## Supplied entries
Segment Open

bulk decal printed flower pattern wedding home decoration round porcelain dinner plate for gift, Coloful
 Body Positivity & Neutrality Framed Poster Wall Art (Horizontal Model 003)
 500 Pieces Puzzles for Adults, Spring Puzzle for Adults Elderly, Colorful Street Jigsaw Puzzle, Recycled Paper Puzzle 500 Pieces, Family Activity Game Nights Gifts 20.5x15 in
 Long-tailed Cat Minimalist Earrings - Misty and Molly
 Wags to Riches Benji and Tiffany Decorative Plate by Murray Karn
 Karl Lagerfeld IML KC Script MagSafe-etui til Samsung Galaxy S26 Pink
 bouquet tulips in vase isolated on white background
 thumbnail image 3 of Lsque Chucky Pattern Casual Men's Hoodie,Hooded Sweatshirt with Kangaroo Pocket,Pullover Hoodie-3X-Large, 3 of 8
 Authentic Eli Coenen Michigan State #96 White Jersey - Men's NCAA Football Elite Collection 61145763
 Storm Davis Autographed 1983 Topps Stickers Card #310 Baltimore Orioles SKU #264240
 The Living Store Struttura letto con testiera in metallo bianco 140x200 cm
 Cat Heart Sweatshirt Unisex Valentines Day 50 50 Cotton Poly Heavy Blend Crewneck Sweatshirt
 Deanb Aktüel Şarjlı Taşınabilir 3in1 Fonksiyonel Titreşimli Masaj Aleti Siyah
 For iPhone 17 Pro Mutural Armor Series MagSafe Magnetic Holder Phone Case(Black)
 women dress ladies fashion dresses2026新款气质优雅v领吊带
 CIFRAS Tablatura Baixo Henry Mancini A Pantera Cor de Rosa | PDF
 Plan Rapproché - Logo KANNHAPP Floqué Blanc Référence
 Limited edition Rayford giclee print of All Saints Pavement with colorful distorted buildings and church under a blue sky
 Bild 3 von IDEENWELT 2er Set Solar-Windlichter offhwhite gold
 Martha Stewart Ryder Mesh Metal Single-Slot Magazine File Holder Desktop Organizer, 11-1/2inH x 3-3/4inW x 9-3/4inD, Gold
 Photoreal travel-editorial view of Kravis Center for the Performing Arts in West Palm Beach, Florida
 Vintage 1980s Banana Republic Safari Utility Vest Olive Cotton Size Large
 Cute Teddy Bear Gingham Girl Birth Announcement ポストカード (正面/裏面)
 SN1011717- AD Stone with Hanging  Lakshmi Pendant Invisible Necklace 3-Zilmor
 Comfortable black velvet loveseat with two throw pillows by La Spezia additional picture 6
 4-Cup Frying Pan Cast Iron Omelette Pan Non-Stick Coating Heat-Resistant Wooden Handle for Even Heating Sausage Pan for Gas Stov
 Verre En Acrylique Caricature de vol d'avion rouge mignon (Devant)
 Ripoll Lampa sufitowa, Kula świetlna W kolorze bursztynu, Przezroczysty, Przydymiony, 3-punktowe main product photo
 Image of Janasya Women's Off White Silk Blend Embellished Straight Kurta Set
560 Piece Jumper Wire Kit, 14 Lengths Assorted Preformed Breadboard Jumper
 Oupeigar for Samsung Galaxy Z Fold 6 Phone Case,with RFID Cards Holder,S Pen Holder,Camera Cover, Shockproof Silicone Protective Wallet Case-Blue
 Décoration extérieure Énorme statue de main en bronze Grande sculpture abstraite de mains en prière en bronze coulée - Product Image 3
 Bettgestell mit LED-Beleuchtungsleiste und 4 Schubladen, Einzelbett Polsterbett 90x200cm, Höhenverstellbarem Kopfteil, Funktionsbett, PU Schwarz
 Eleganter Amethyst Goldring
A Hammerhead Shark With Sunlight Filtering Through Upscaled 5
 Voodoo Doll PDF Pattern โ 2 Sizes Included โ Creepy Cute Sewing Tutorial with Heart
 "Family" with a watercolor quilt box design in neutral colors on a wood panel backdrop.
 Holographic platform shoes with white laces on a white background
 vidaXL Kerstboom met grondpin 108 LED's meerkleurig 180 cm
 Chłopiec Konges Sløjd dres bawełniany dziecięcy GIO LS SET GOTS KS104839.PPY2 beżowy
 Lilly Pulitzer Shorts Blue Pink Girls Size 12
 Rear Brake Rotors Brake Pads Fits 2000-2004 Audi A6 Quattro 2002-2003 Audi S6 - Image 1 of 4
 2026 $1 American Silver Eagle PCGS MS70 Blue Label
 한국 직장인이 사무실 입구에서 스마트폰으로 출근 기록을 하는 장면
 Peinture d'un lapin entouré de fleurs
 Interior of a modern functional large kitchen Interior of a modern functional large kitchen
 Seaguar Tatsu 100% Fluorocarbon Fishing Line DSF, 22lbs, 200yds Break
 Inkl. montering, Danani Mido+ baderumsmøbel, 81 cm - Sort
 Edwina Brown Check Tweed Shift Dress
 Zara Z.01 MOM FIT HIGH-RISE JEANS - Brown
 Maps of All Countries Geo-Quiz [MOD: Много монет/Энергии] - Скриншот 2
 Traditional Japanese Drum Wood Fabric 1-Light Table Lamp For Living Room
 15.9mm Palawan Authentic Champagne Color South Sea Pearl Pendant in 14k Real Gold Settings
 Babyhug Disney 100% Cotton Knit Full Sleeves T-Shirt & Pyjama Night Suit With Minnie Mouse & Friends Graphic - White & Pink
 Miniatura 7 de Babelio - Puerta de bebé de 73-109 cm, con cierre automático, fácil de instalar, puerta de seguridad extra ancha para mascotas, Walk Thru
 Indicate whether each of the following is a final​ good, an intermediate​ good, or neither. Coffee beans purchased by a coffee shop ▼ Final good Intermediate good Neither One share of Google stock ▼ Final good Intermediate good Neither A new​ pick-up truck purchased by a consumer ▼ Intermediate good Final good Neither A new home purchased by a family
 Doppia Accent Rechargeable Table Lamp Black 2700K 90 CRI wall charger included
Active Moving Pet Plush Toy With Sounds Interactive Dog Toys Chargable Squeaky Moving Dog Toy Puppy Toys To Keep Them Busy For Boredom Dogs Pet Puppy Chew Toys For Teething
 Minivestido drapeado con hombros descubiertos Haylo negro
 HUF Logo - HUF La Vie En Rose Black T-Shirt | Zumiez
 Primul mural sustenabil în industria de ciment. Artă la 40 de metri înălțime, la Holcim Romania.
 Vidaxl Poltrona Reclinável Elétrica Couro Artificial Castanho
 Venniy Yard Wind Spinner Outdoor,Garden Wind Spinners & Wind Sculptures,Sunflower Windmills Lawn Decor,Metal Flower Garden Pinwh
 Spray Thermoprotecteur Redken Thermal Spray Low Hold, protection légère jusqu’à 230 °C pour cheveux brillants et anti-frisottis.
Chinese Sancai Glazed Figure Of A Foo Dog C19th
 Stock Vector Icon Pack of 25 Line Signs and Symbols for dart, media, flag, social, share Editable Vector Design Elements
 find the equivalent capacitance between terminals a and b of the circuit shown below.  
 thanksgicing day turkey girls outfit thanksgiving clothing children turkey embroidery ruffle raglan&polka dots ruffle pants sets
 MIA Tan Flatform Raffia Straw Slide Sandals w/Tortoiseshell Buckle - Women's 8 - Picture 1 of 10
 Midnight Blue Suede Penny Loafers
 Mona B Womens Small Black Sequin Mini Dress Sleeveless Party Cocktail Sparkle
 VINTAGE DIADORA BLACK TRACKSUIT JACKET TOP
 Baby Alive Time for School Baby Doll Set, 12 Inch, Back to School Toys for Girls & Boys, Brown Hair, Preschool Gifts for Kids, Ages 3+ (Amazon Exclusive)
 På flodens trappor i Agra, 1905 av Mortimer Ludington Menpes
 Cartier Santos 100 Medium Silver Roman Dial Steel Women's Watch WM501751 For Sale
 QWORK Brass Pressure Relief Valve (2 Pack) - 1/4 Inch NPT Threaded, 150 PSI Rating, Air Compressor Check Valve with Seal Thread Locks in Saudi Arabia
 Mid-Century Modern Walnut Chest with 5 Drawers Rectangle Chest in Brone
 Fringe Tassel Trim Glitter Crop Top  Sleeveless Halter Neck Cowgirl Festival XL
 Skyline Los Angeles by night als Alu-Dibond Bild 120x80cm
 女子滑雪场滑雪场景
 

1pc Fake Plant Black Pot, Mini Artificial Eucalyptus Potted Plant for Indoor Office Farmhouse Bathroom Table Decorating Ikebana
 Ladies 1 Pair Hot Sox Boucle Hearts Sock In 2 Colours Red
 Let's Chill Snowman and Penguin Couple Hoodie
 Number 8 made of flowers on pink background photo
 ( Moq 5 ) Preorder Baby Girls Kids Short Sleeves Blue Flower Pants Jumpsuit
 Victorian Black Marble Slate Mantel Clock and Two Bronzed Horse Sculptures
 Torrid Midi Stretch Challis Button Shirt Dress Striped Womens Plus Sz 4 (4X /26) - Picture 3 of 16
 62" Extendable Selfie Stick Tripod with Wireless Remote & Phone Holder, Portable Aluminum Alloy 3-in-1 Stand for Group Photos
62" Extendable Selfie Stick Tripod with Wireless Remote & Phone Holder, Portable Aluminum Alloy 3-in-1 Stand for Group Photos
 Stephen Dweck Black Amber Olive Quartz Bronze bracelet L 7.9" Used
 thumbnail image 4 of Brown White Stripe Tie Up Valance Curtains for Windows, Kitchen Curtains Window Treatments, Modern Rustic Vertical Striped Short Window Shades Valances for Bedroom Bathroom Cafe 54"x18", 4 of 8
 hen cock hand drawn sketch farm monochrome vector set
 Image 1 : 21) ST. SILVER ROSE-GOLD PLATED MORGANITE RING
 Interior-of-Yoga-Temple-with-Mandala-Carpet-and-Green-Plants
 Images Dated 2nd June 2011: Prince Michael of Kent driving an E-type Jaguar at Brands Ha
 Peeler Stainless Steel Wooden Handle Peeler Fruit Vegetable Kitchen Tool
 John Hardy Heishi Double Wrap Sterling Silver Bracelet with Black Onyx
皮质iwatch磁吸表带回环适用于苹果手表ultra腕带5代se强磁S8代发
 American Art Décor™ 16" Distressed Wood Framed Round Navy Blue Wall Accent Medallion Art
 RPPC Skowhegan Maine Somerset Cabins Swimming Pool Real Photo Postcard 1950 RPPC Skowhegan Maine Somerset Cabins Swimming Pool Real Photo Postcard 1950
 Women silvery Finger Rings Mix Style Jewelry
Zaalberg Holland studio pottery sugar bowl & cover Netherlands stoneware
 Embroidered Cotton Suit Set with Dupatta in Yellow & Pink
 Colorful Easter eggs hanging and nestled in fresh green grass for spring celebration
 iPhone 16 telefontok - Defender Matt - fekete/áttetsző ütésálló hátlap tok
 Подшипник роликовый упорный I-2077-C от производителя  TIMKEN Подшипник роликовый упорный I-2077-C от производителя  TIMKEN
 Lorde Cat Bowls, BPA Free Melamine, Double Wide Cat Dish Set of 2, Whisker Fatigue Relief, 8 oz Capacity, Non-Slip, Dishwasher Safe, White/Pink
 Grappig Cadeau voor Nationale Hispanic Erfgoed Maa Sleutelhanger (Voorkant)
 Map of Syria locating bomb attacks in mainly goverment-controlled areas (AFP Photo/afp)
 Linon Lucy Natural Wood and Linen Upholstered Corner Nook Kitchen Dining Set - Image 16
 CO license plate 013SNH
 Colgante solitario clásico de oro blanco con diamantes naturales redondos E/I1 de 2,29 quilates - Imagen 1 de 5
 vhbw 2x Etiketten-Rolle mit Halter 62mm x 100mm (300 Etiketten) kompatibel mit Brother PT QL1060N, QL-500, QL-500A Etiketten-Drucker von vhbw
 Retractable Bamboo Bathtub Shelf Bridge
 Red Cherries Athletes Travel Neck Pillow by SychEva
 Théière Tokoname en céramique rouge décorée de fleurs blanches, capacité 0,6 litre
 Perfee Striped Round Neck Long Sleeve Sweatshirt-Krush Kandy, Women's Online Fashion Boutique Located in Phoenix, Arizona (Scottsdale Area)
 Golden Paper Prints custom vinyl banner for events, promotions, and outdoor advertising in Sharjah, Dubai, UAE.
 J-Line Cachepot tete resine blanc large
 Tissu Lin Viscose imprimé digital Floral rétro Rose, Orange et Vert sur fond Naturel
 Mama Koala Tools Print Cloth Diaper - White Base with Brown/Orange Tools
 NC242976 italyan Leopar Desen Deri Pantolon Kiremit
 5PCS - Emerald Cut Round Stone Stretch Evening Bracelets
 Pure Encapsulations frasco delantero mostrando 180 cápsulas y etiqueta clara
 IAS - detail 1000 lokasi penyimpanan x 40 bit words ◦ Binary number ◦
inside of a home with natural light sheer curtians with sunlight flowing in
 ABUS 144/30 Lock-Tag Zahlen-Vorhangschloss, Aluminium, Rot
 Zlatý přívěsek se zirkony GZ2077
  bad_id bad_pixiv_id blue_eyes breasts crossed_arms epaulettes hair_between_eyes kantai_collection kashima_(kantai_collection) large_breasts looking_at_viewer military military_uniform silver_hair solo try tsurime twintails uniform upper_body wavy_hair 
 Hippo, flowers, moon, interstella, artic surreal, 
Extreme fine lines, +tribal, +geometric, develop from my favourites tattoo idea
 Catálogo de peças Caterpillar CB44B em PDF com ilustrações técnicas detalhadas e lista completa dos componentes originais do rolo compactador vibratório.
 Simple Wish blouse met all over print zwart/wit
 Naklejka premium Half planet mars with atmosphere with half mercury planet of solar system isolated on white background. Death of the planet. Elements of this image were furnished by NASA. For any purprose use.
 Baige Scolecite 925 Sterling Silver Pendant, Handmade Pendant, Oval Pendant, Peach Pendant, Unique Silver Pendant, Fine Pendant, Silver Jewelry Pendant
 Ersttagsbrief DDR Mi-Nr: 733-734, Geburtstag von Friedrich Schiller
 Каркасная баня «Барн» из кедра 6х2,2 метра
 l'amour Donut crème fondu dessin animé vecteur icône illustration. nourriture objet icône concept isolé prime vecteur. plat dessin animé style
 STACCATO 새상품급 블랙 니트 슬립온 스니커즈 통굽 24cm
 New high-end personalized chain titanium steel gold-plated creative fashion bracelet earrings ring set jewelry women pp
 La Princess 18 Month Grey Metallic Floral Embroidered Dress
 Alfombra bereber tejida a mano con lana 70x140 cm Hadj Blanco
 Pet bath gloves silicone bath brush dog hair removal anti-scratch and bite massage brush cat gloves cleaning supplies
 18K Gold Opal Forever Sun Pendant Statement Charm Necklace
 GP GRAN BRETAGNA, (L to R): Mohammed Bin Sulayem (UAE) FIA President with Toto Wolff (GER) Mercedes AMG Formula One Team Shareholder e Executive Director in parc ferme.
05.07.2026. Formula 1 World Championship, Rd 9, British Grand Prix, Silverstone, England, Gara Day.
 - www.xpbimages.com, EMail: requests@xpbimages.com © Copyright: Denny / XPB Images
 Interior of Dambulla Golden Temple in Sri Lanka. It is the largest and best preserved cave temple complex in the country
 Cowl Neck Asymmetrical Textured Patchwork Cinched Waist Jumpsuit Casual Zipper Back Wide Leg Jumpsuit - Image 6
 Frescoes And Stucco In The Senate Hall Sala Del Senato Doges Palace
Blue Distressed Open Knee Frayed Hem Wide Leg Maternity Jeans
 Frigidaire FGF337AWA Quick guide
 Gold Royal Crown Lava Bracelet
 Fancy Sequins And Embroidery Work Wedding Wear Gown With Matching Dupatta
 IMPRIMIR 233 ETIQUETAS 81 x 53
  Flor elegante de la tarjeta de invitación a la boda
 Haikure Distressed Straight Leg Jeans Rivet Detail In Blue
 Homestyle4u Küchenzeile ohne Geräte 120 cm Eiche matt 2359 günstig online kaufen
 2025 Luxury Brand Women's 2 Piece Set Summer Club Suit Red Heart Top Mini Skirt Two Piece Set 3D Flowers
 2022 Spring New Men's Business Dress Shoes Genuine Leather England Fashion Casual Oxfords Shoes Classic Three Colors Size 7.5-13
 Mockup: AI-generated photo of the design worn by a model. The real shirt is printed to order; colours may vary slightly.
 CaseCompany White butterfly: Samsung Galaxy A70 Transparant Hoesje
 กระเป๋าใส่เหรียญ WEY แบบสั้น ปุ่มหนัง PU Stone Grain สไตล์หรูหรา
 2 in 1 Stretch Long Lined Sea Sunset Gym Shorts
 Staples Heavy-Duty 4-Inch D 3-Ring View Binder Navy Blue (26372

Segment Closed

## Exercise instructions
Copy out each line of the data where the string "Sterling" appears.

## Answer area
 John Hardy Heishi Double Wrap Sterling Silver Bracelet with Black Onyx
 Baige Scolecite 925 Sterling Silver Pendant, Handmade Pendant, Oval Pendant, Peach Pendant, Unique Silver Pendant, Fine Pendant, Silver Jewelry Pendant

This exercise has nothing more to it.